» **Exercise**:
A faithful copy of all the entries is required, with no pictures in it.

Materials provided: Begin

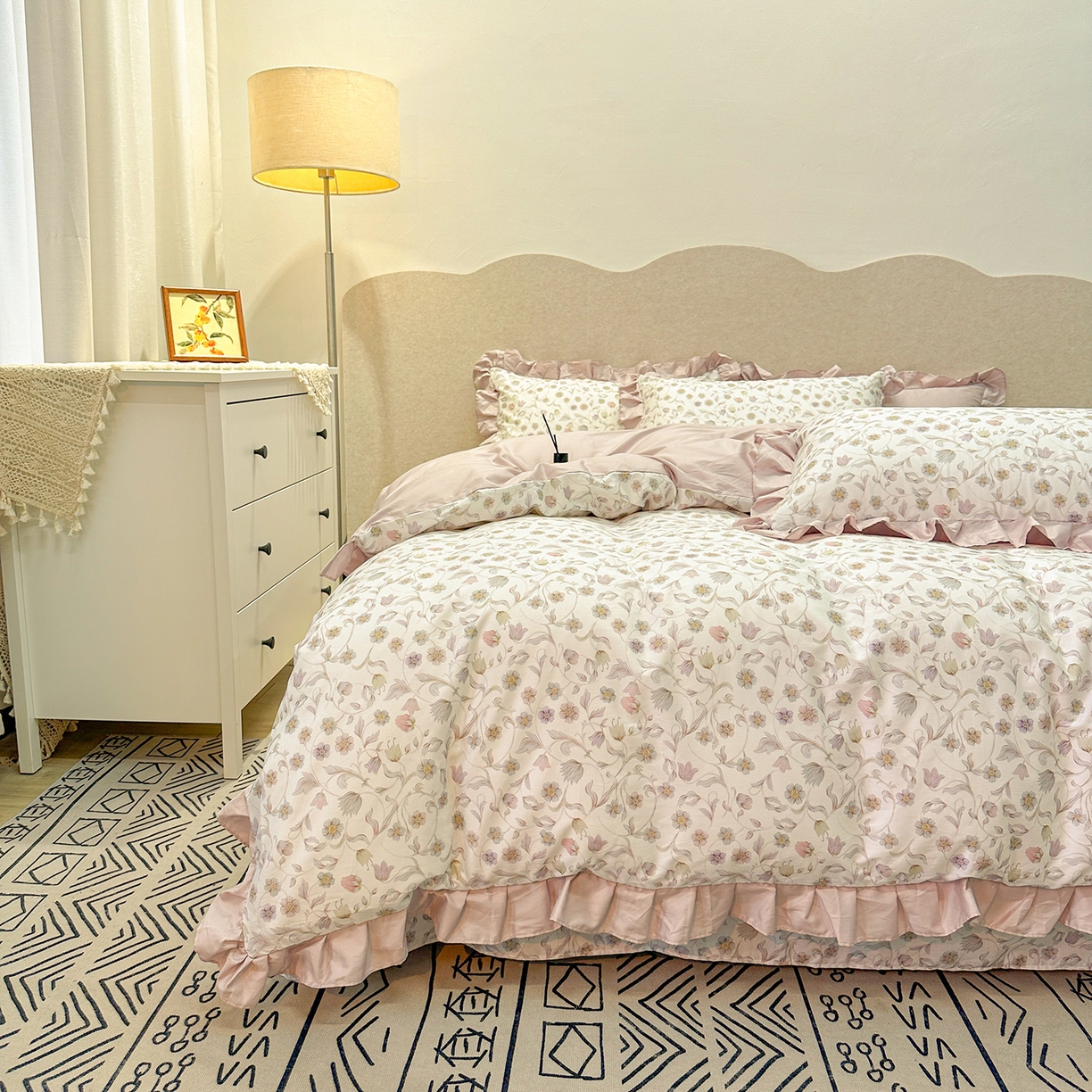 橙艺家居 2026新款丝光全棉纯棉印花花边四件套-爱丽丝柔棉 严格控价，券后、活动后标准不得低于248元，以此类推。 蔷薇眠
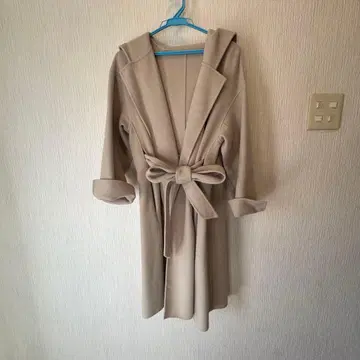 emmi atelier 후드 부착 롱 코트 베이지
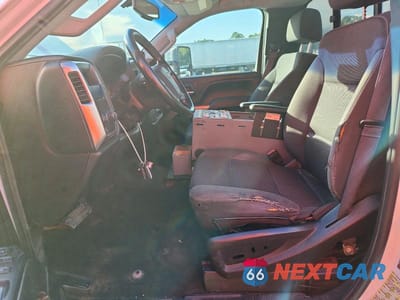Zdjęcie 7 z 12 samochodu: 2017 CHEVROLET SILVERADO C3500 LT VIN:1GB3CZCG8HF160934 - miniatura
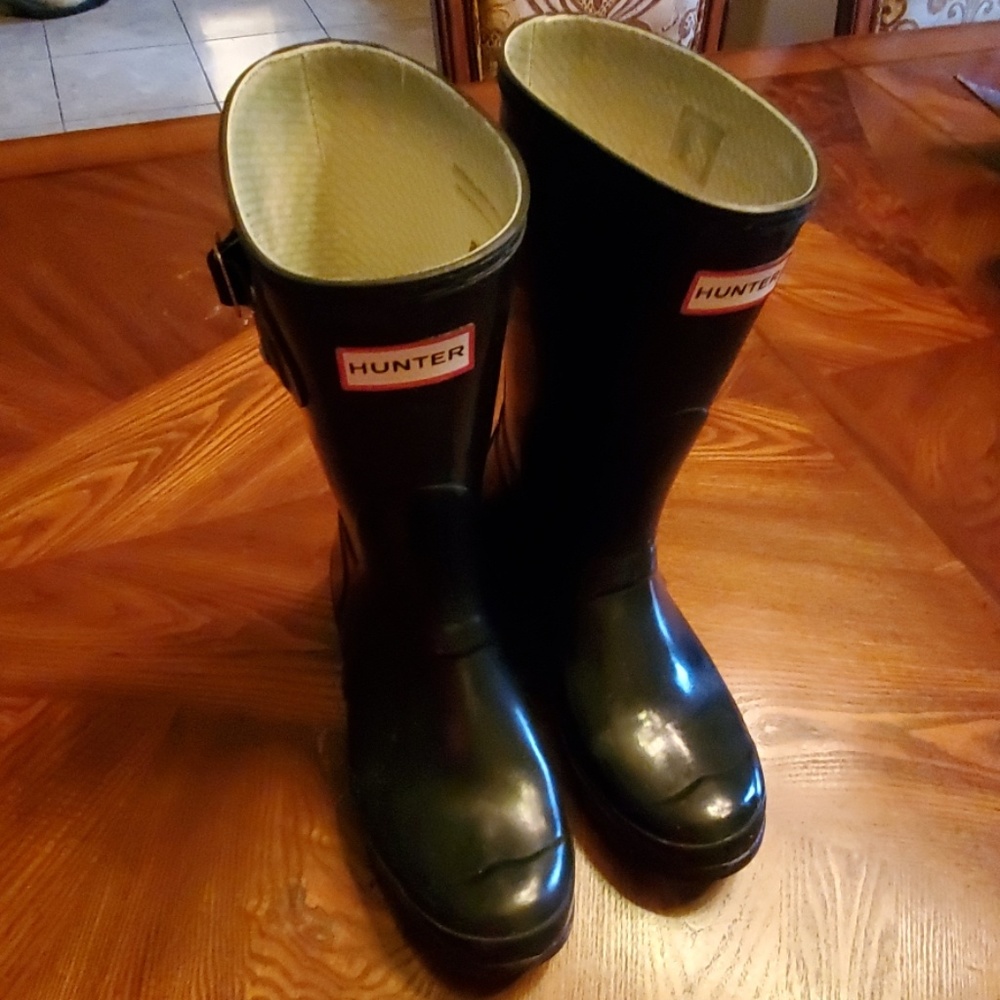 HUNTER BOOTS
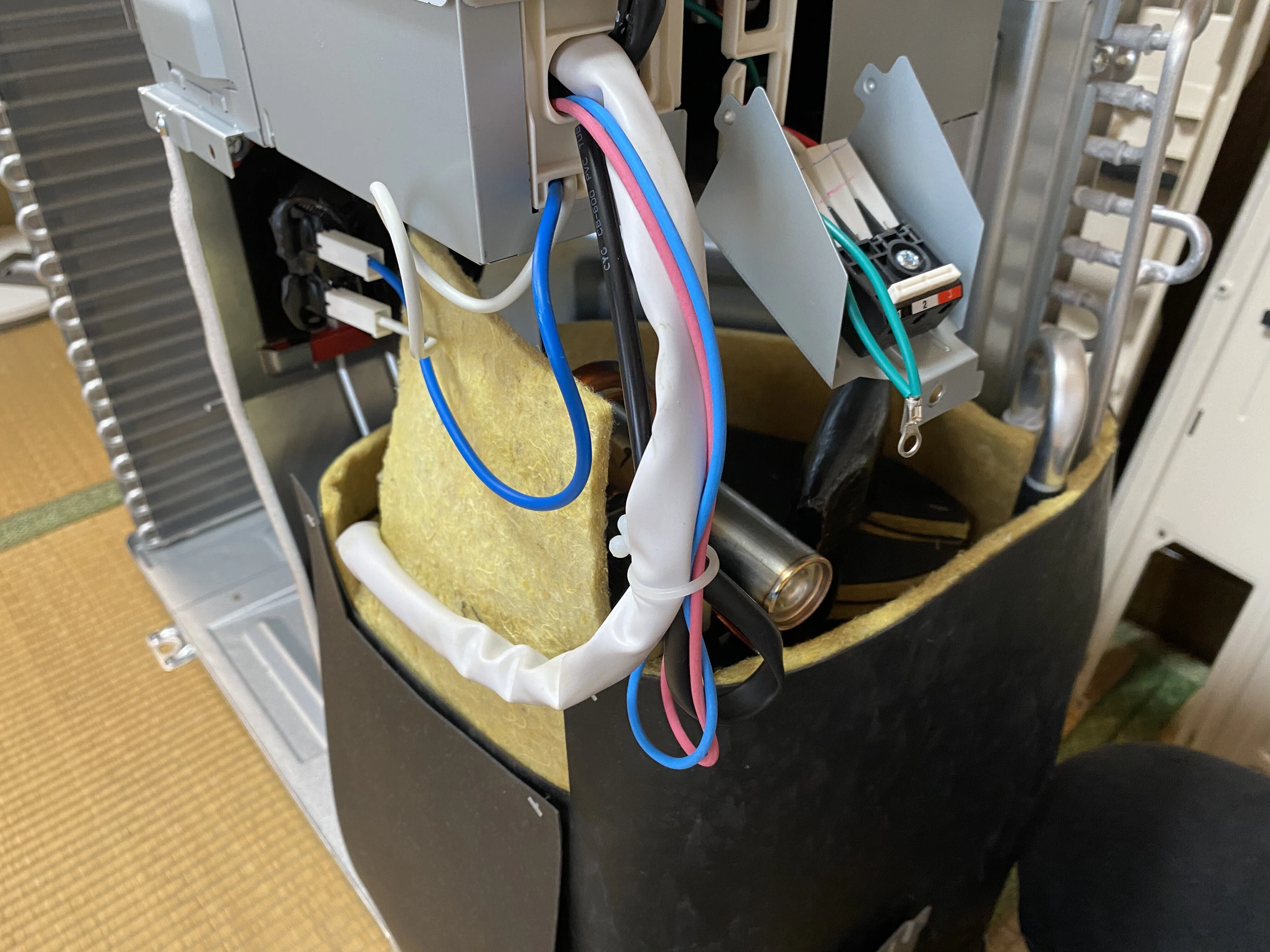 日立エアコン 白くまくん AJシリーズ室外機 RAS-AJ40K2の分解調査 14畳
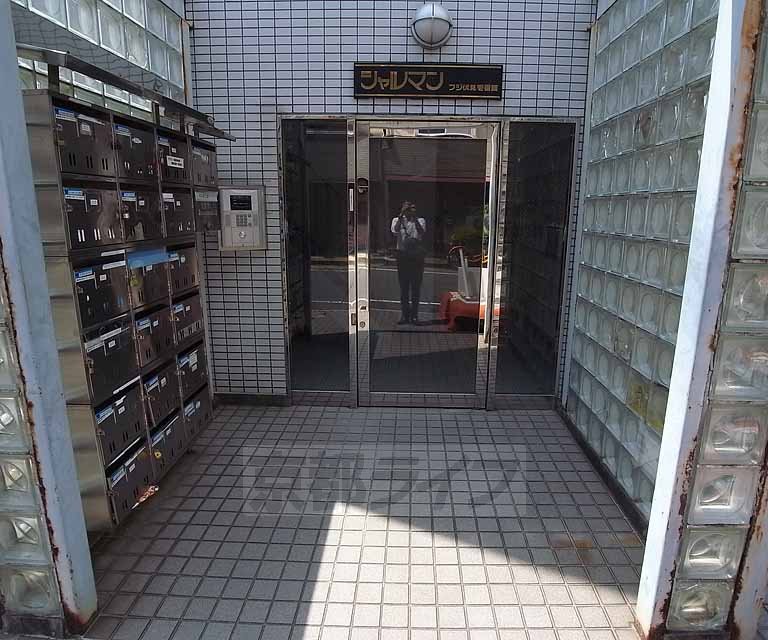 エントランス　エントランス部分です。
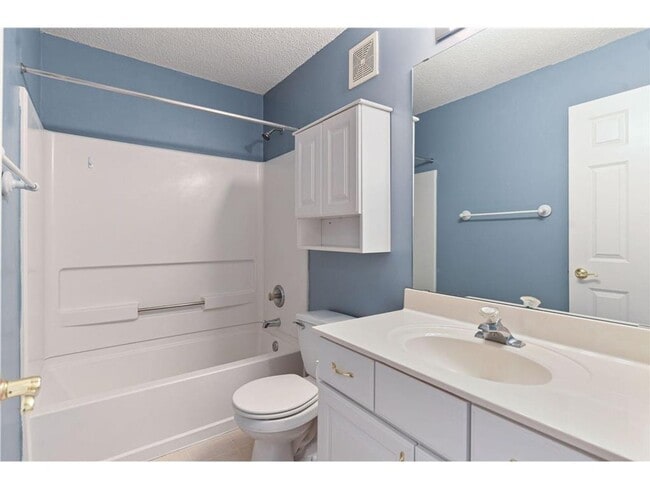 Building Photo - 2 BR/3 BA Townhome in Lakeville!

Materials provided: End

» **Output for this exercise**:
 橙艺家居 2026新款丝光全棉纯棉印花花边四件套-爱丽丝柔棉 严格控价，券后、活动后标准不得低于248元，以此类推。 蔷薇眠
 emmi atelier 후드 부착 롱 코트 베이지
Zdjęcie 7 z 12 samochodu: 2017 CHEVROLET SILVERADO C3500 LT VIN:1GB3CZCG8HF160934 - miniatura
 HUNTER BOOTS
 日立エアコン 白くまくん AJシリーズ室外機 RAS-AJ40K2の分解調査 14畳
 エントランス　エントランス部分です。
 Building Photo - 2 BR/3 BA Townhome in Lakeville!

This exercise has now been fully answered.